> Aim of the exercise
What is needed is the exact text of each line in the listing below from the one with "CALENDARIO CARPA 2024 EMPRESARIAL" up to and including the one with "Voitures D'occasion À", and no pictures.

> Input material
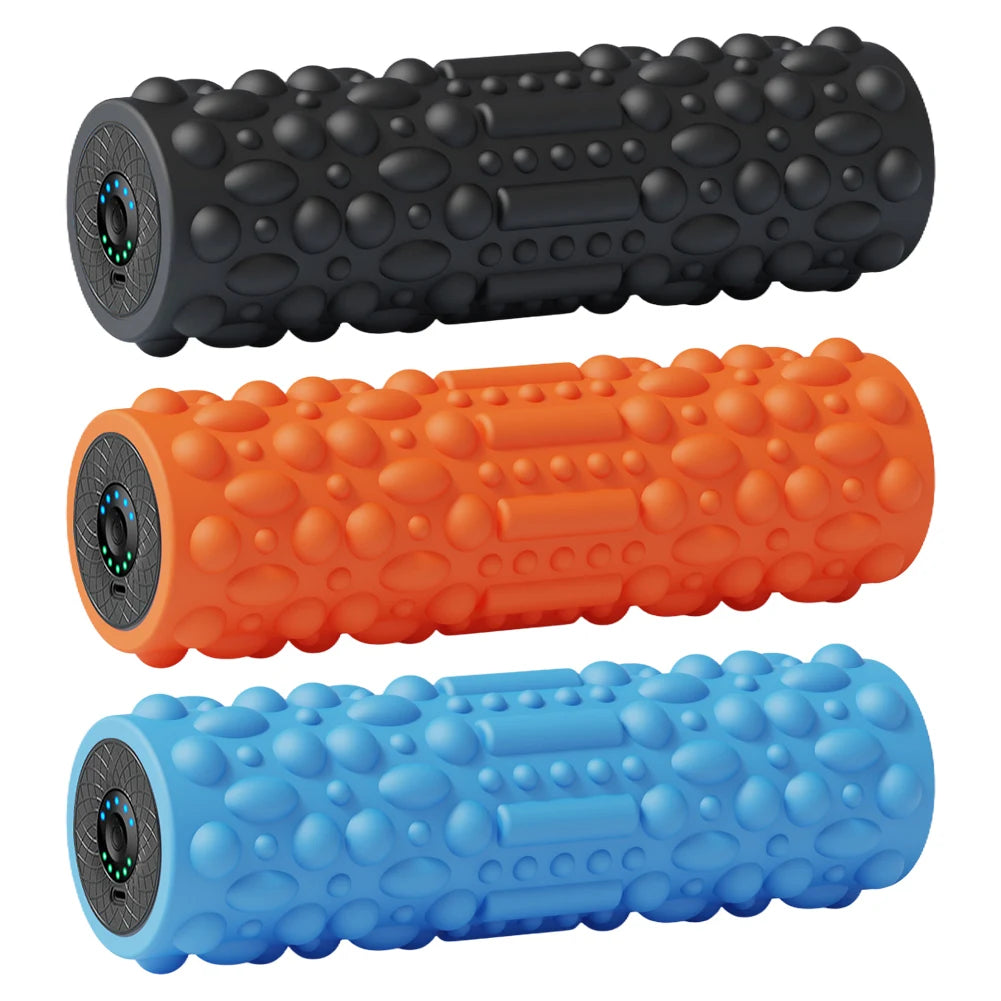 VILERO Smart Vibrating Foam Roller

...

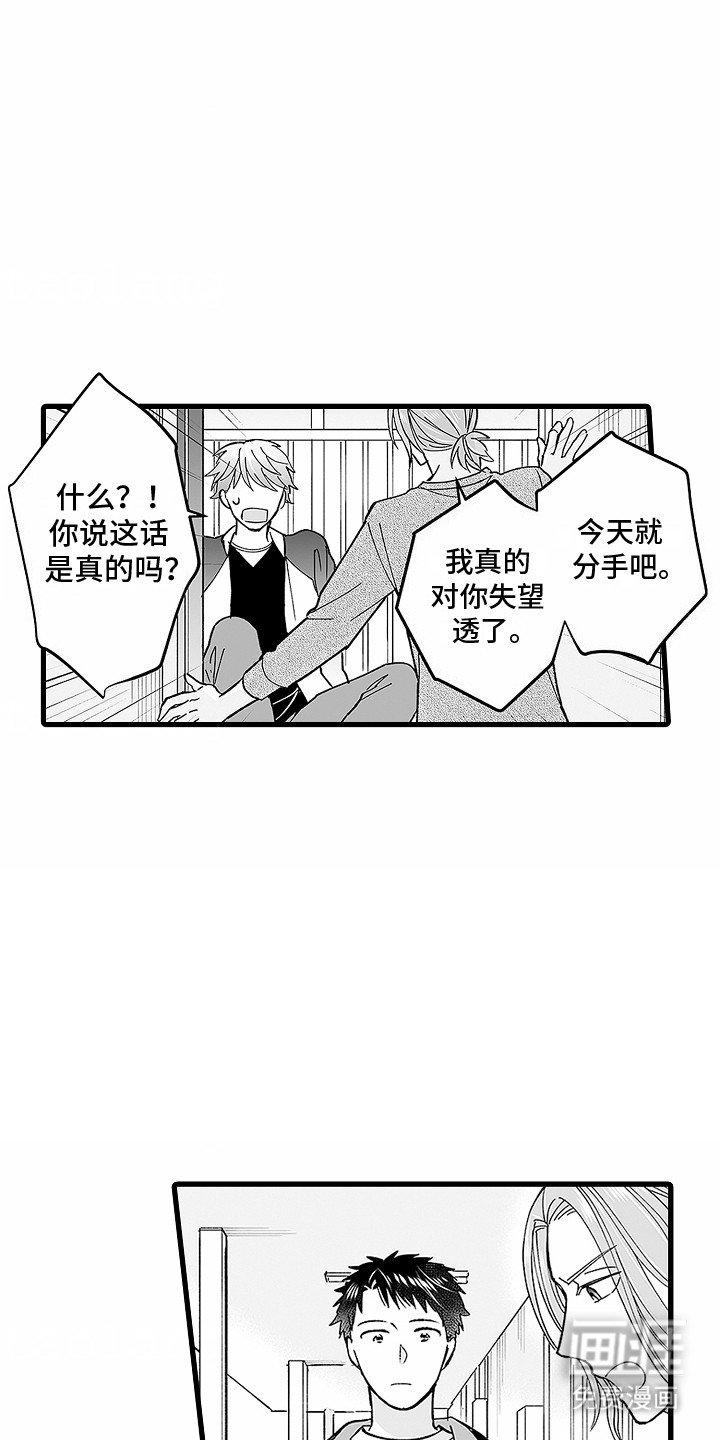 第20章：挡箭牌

==

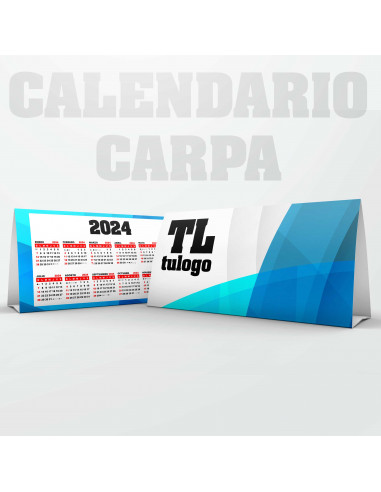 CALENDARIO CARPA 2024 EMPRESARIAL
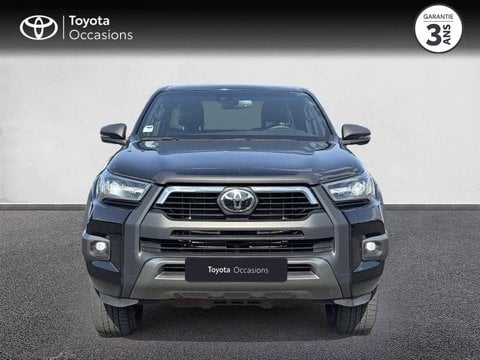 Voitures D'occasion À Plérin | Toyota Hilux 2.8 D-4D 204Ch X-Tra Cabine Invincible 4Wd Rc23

> Answer space
 CALENDARIO CARPA 2024 EMPRESARIAL
 Voitures D'occasion À Plérin | Toyota Hilux 2.8 D-4D 204Ch X-Tra Cabine Invincible 4Wd Rc23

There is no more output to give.